◆ TASK TO COMPLETE
Please write out the full listing beneath this line exactly, skipping its images.

[PROVIDED DATA Boundary: Start]

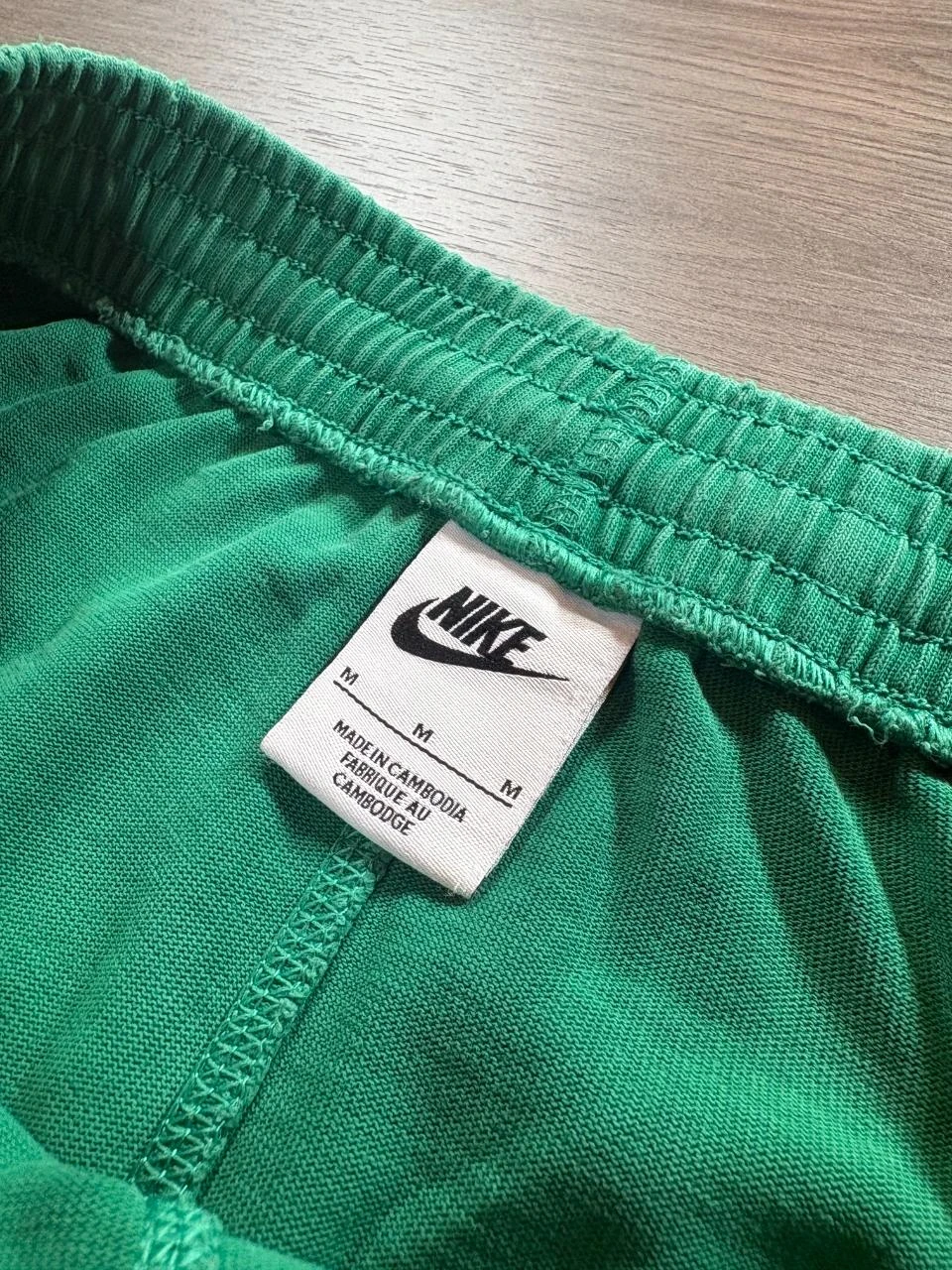 Short masculino Nike verde – Tamanho M – photo 4
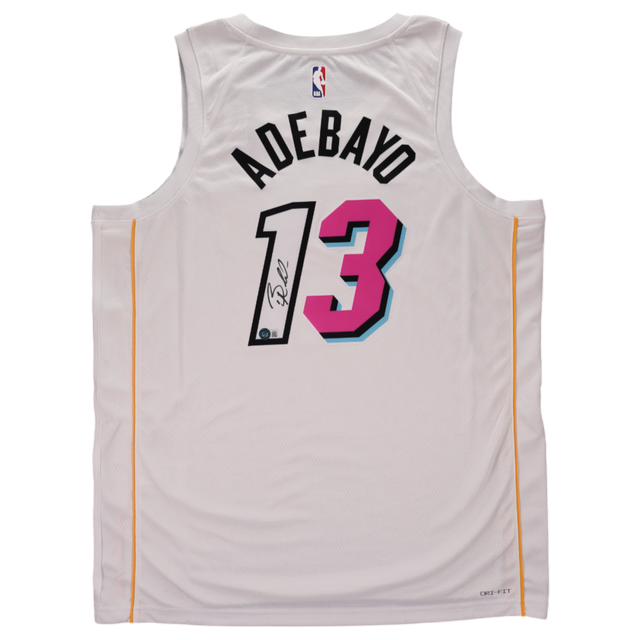 adebayo heat jersey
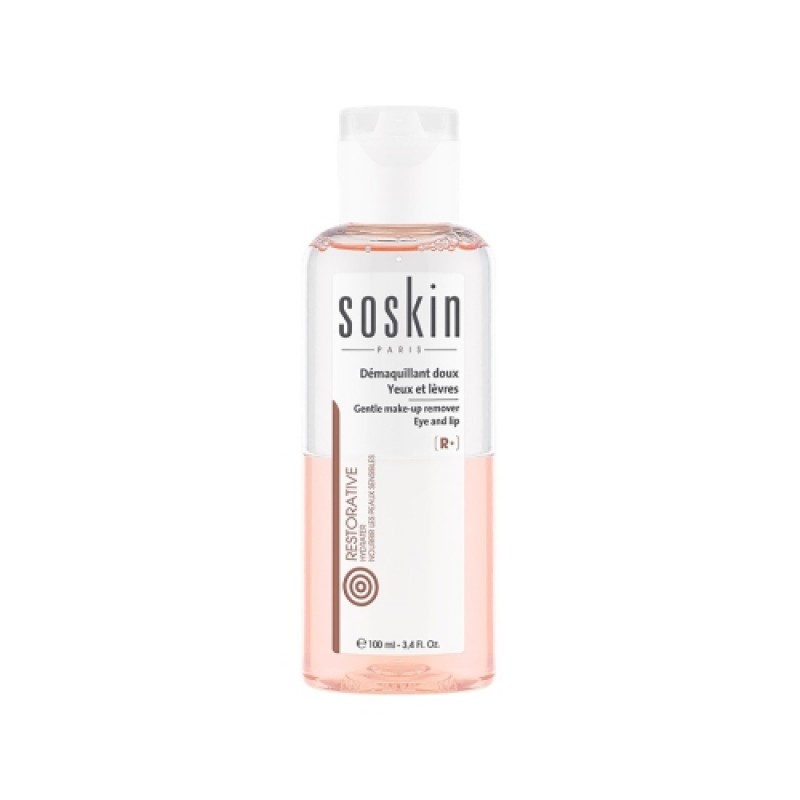 Soskin Gentle Make-Up Remover Eye And Lip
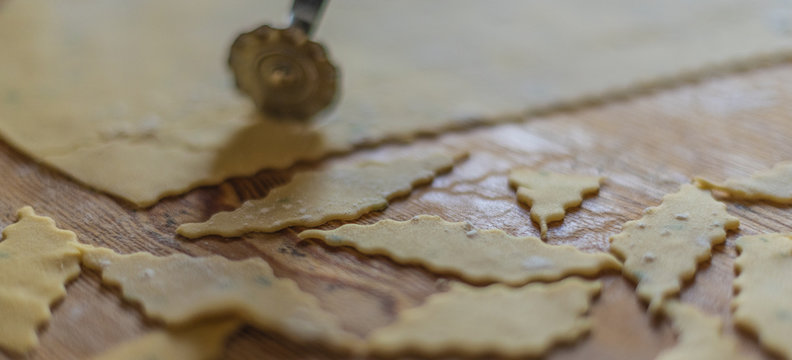 Browse homemade pasta for the Laganas. Typical Italian pasta.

[PROVIDED DATA Boundary: End]

◆ TASK OUTPUT
 Short masculino Nike verde – Tamanho M – photo 4
 adebayo heat jersey
 Soskin Gentle Make-Up Remover Eye And Lip
 Browse homemade pasta for the Laganas. Typical Italian pasta.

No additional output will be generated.